Dataset records ::
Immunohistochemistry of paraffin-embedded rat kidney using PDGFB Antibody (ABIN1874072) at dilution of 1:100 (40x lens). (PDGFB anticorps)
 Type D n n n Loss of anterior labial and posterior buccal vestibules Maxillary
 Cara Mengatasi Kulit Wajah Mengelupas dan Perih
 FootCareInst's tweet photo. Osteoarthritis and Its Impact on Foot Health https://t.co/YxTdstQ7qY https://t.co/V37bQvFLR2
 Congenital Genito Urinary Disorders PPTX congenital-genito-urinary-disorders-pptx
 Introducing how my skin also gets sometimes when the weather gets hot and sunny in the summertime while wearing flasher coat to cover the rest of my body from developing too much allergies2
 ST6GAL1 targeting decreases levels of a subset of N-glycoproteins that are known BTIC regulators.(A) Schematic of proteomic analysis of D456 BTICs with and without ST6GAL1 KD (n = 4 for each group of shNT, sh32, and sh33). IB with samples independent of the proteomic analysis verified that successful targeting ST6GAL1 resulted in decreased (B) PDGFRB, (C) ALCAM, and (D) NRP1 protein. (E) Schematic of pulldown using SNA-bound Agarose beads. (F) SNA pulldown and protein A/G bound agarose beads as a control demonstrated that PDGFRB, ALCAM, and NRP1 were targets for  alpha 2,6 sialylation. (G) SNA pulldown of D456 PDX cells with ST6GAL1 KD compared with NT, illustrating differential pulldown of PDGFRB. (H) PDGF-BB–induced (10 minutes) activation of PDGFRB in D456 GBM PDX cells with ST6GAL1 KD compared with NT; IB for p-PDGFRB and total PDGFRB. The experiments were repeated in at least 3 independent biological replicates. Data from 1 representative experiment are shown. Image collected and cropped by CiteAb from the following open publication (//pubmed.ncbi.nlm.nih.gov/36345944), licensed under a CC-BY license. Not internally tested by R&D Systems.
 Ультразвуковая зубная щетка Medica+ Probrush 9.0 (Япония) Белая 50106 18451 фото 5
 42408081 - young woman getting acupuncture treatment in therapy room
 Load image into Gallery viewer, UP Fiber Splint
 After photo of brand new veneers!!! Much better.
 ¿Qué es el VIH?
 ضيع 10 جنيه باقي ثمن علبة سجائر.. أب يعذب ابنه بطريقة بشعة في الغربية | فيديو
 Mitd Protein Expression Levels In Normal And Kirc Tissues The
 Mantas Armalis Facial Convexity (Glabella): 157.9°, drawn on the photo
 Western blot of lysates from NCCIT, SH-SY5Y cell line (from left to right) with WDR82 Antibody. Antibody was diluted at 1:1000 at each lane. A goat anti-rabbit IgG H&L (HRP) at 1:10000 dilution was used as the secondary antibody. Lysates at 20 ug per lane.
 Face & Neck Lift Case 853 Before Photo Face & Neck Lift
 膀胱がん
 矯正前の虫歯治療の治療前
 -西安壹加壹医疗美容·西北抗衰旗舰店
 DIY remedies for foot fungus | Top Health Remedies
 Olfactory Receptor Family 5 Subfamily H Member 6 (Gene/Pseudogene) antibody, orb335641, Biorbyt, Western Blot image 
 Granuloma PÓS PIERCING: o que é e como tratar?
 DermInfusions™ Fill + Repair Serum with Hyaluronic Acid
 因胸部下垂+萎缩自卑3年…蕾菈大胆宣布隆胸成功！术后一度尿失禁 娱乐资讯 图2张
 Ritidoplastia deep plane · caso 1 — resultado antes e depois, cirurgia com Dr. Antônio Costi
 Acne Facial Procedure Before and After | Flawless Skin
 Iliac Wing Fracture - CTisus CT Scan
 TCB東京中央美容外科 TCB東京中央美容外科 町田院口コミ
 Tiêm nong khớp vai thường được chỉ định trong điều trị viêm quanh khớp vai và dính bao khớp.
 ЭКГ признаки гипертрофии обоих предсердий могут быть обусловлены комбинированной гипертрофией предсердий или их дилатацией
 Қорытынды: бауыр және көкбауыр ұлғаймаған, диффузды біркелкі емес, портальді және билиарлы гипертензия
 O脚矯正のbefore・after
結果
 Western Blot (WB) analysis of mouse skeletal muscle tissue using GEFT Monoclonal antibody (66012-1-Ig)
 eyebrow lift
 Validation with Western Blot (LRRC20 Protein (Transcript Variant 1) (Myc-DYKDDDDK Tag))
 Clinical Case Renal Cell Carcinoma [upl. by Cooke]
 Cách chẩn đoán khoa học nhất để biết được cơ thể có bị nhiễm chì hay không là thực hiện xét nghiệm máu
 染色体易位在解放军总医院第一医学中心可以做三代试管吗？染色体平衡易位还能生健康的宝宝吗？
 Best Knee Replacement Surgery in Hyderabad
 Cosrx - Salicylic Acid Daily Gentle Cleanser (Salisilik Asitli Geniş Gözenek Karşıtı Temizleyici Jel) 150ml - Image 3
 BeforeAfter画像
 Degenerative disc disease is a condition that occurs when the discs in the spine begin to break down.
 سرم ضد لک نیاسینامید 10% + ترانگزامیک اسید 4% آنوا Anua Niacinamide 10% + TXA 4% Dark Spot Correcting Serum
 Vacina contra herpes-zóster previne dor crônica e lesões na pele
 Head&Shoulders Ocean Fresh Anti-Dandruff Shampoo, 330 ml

Task requirements ::
Nothing but the lines from the first line of the listing above through the line holding "Introducing how my" should be reproduced, and each must match exactly.

Exercise output ::
Immunohistochemistry of paraffin-embedded rat kidney using PDGFB Antibody (ABIN1874072) at dilution of 1:100 (40x lens). (PDGFB anticorps)
 Type D n n n Loss of anterior labial and posterior buccal vestibules Maxillary
 Cara Mengatasi Kulit Wajah Mengelupas dan Perih
 FootCareInst's tweet photo. Osteoarthritis and Its Impact on Foot Health https://t.co/YxTdstQ7qY https://t.co/V37bQvFLR2
 Congenital Genito Urinary Disorders PPTX congenital-genito-urinary-disorders-pptx
 Introducing how my skin also gets sometimes when the weather gets hot and sunny in the summertime while wearing flasher coat to cover the rest of my body from developing too much allergies2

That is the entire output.